Action item>
Write out only the lines from the line that holds "Buono lira 1922 - 1922,, vittorio" to the end of the listing below, inclusive, with the pictures omitted.

Task material: Begin

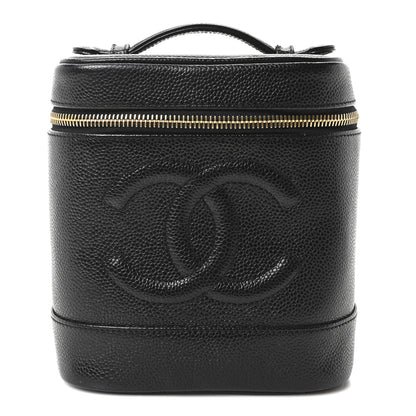 Chanel Caviar Vanity Cosmetic Case Black 1 of 10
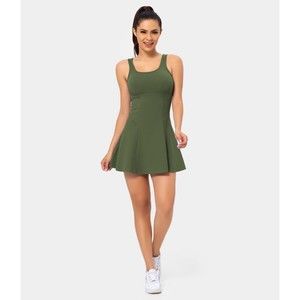 HALARA Green Mini Dress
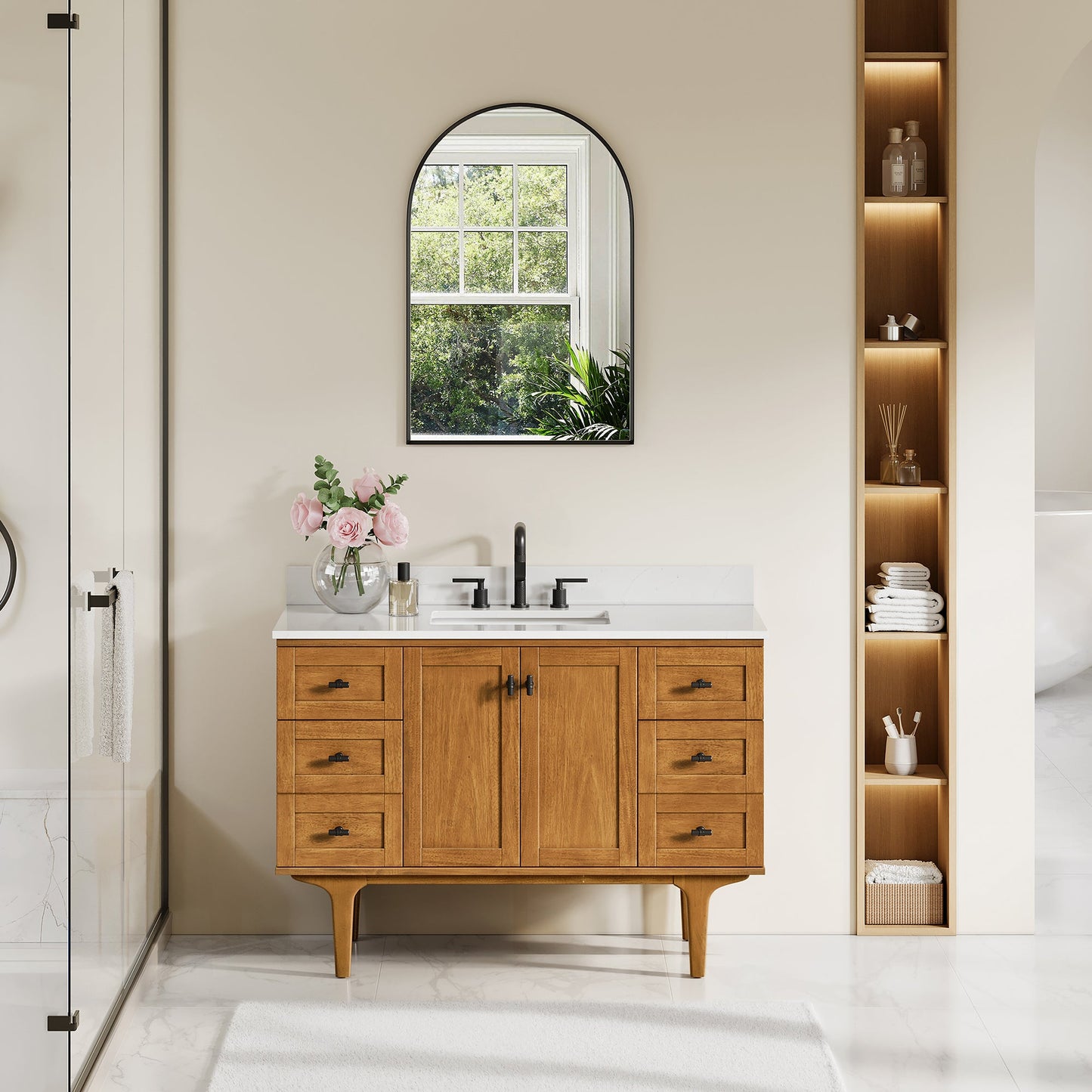 Orasia 36"/48"/60"/72" Single/Double Vanity with Top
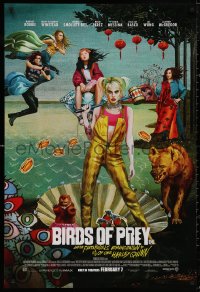 5b0840 BIRDS OF PREY advance DS 1sh 2020 Margot Robbie as Harley Quinn, great surreal artwork!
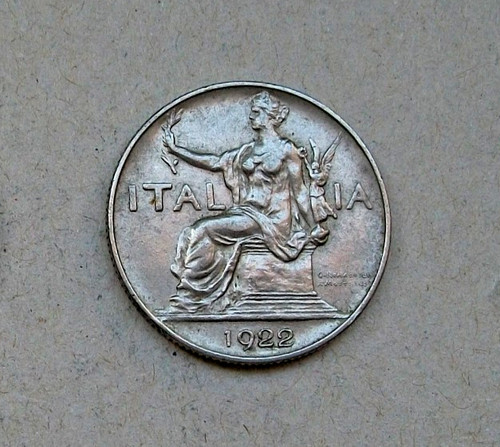 Buono lira 1922 - 1922,, vittorio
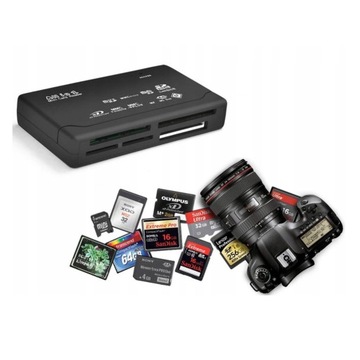 2x быстрого универсального считывания карт карт USB SDHC SDXC Micro MS CF M2
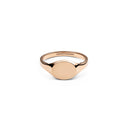 Anillo Mini Sello Clásico Oro Rosa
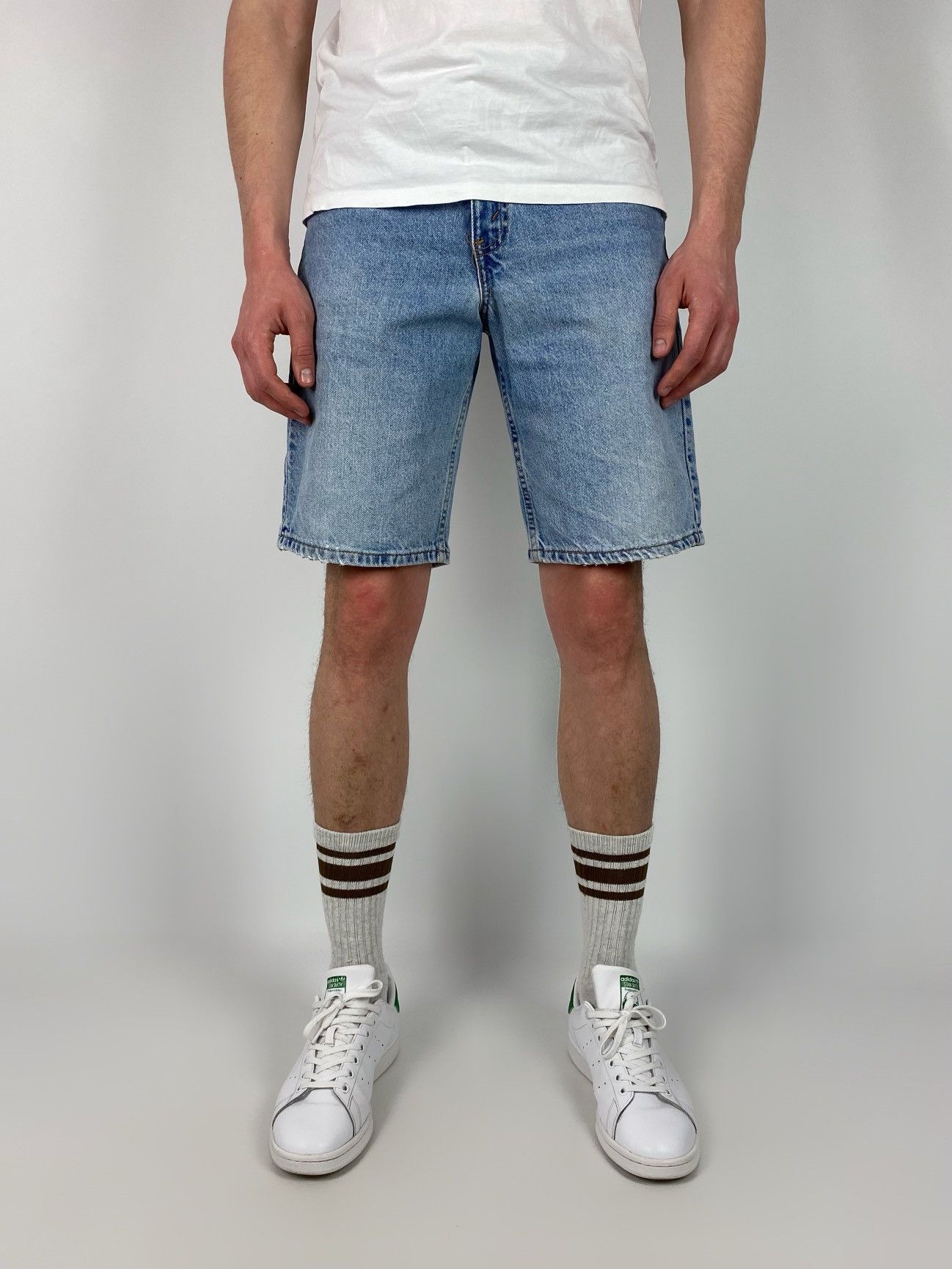 Levi's 1990’s Vintage Levi’s 550 Orange Tab Relaxed Fit Denim Jorts Size US 32 / EU 48 - 13 Thumbnail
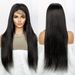 Peruker med rakt människohår 4*4 Spets främre Människohår Peruker 180% densitet Limfria rakt människohår Peruker för kvinnor Naturlig färg 16-32 tum_voghion.com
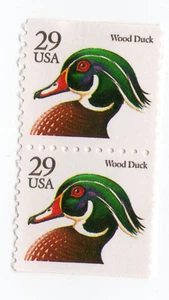 Scott #2484a Wood Duck Booklet Pair of Stamps - MNH - Picture 1 of 1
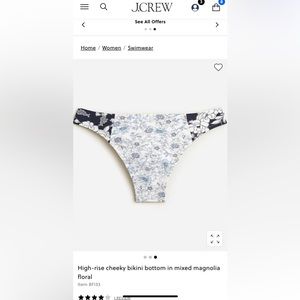 New with tags JCrew high rise cheeky swim bottom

Task material: End

Answer to the exercise>
 Buono lira 1922 - 1922,, vittorio
 2x быстрого универсального считывания карт карт USB SDHC SDXC Micro MS CF M2
 Anillo Mini Sello Clásico Oro Rosa
 Levi's 1990’s Vintage Levi’s 550 Orange Tab Relaxed Fit Denim Jorts Size US 32 / EU 48 - 13 Thumbnail
 Peruker med rakt människohår 4*4 Spets främre Människohår Peruker 180% densitet Limfria rakt människohår Peruker för kvinnor Naturlig färg 16-32 tum_voghion.com
 Scott #2484a Wood Duck Booklet Pair of Stamps - MNH - Picture 1 of 1
 New with tags JCrew high rise cheeky swim bottom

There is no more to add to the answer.